Et justement, selon vous, comment se
portent les entreprises ?
Il est encore tôt pour ressentir les effets de la crise, je pense que cela risque d'être visible au deuxième trimestre 2022, date à laquelle les PGE devront être remboursés.
Lors de votre assemblée générale,
fin octobre à Saint-Valery-sur-Somme, vous reveniez sur l'impact de
l'abaissement des seuils d'audits européens.
Pour l'instant, nous ne maîtrisons pas encore la déperdition des mandats suite à la loi Pacte, qui a pénalisé bon nombre de confrères. Il y a encore une continuité des mandats jusqu'à leur expiration, à savoir jusqu'en 2024. C'est à cette date seulement que nous pourrons dresser un constat complet.
Ce qui est certain, c'est que l'abaissement de ces seuils nuit fortement à l'identification des entreprises en difficulté dans lesquelles nous n'intervenons plus du fait de la baisse de ces seuils. Sentiment largement partagé par les présidents de tribunaux de commerce de la région.
La Compagnie régionale compte 935
membres. Votre profession recrute-t-elle ?
Aujourd'hui, nous avons besoin de
femmes, d'hommes et de jeunes pour dynamiser une profession
vieillissante. Mais nous souffrons de difficultés de recrutement. La
profession se mobilise, tant au niveau national que régional, pour
créer de l'attractivité. C'est par exemple le cas du Tournoi de
gestion que nous organisons le 25 novembre prochain avec l'Ordre des
experts-comptables. Ou encore d'un Tournoi d'audit que nous allons
aussi mettre en place au premier semestre 2022.
Ce manque de
renouvellement de la profession émane avant tout d'un manque de
reconnaissance.
C'est-à-dire ?
Disons que c'est historique. Et durant la crise ce manque de reconnaissance s'est encore plus fait ressentir. Mais, fort heureusement, l'image du commissaire aux comptes semble changer et on voit cette profession différemment. Nous avons une utilité et on le voit bien au travers des discours que nous pouvons avoir avec les présidents des tribunaux de commerce, les parquets, et l'ensemble des parties prenantes.

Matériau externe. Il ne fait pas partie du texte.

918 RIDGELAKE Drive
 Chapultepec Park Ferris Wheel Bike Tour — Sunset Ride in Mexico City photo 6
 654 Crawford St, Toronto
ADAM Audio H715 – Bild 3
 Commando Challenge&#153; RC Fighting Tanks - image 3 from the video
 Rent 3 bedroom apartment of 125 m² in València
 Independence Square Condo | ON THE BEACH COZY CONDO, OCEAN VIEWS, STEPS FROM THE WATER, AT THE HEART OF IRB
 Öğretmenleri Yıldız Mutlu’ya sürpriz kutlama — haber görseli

Ce déficit d'image ne vient-il pas
également d'une méconnaissance de la profession de la part du chef
d'entreprise ?
Evidemment, il y a toujours la peur de mettre un gendarme dans l'entreprise, mais il serait trop réducteur de voir le commissaire aux comptes uniquement sous cet aspect ! Dans la grande majorité des cas, les entrepreneurs sont des gens honnêtes ! Il n'y a donc pas à avoir peur de mettre un commissaire aux comptes qui va apporter, en plus de sa mission principale, un regard différent et indépendant sur la structure.
Une analyse des process de l'entité permet au dirigeant d'identifier les forces et les faiblesses de son entreprise, et cela fait partie intégrante de notre mission. Par ailleurs, nous avons une obligation d'indépendance, ce qui renforce notre jugement et notre opinion, gage de transparence et de sécurité.
Parlez-vous des nouvelles missions
sociales et environnementales que vous allez intégrer à vos
missions régaliennes ?
De plus en plus d'entités vont demander à leurs partenaires d'être certifiés ISO ou économie verte. Notre enjeu sera de mettre en place des audits dans le cadre de la RSE. Ces missions pourront nous être confiées, en complément de notre mission régalienne de certification des comptes, qui reste notre ADN. Les commissaires aux comptes sauront répondre présent à cette demande du marché.
Pour vous, le commissaire aux
comptes de demain, c'est quoi ?
Le commissaire aux comptes de demain
devra être à l'écoute du marché, en analysant les besoins, en se
formant, en s'adaptant aux mutations technologiques dans un seul but
: assurer la transparence des états financiers afin de sécuriser
l'information financière et extra financière.